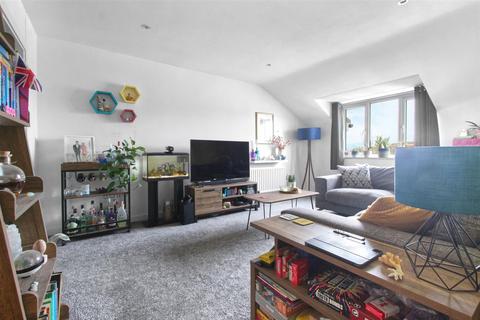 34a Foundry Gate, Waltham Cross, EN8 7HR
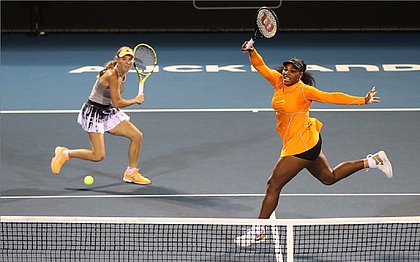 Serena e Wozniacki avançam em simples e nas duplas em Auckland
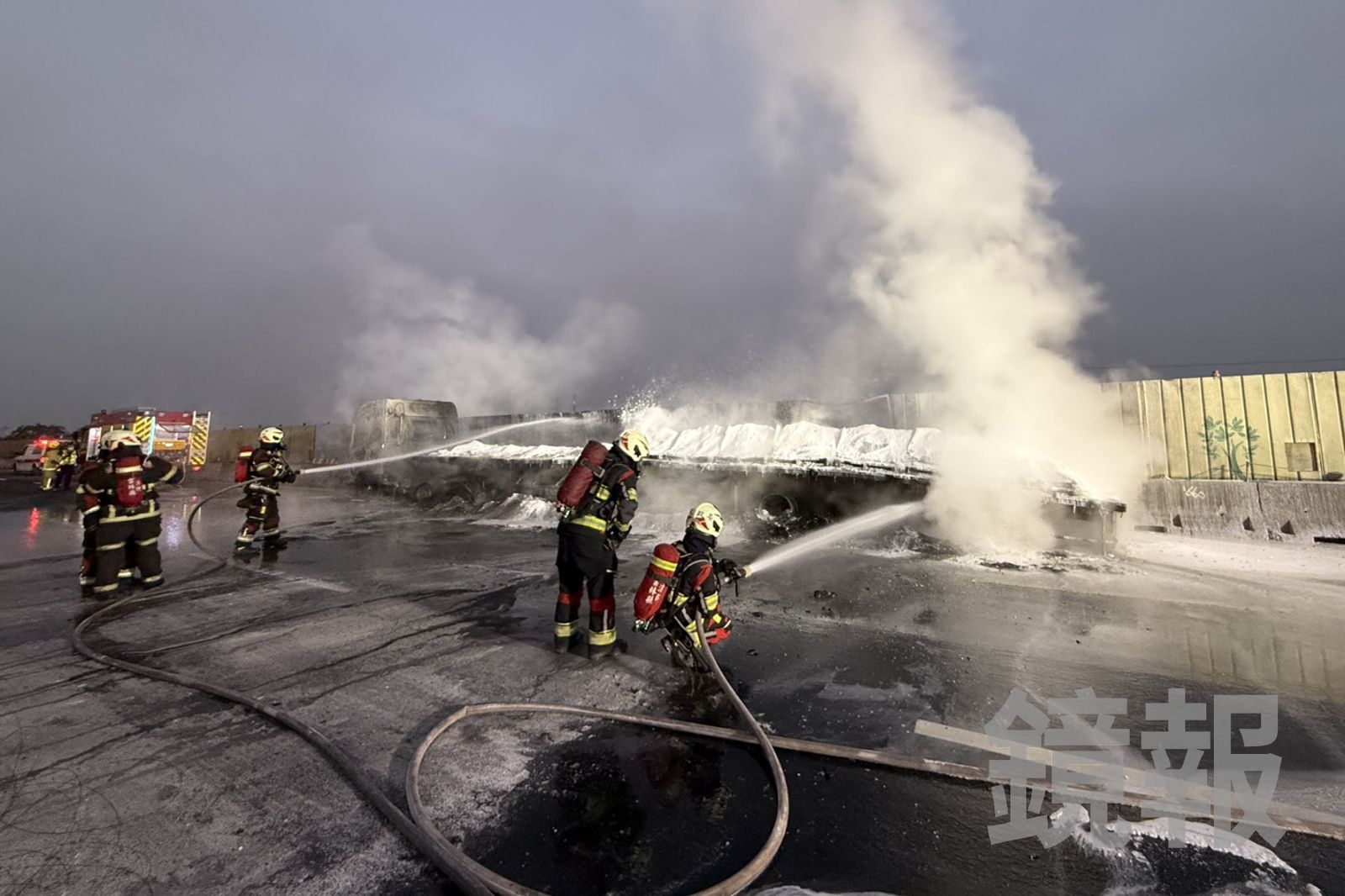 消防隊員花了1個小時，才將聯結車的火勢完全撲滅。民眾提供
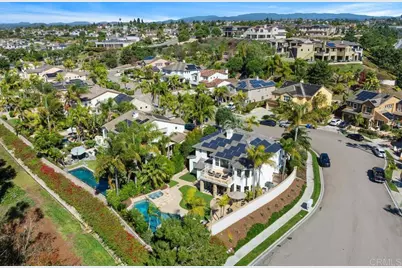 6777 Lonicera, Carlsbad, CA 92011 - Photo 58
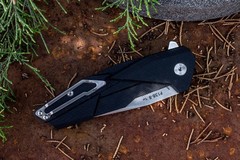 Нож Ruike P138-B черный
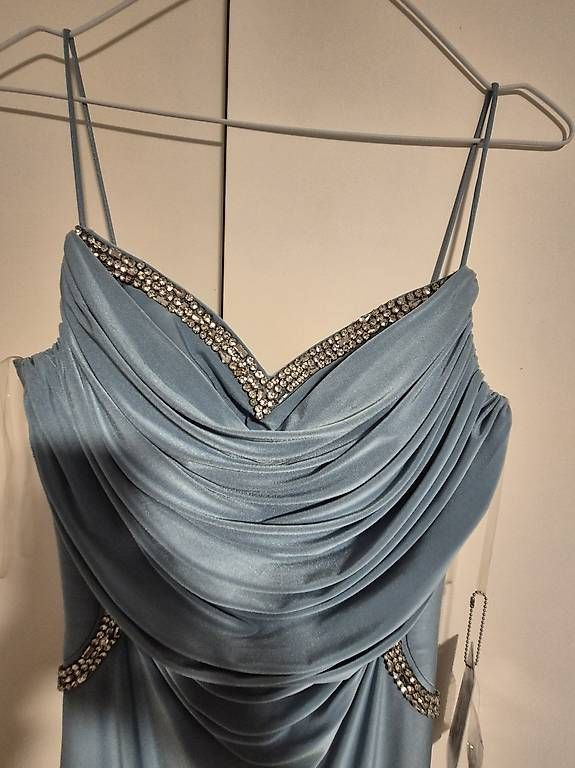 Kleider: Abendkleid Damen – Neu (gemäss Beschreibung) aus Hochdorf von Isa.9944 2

**Exercise goal:**
Copy out only the lines from the one containing "Нож Ruike P138-B черный" to the end of the entries, unchanged. Drop the pictures.

**Result:**
 Нож Ruike P138-B черный
 Kleider: Abendkleid Damen – Neu (gemäss Beschreibung) aus Hochdorf von Isa.9944 2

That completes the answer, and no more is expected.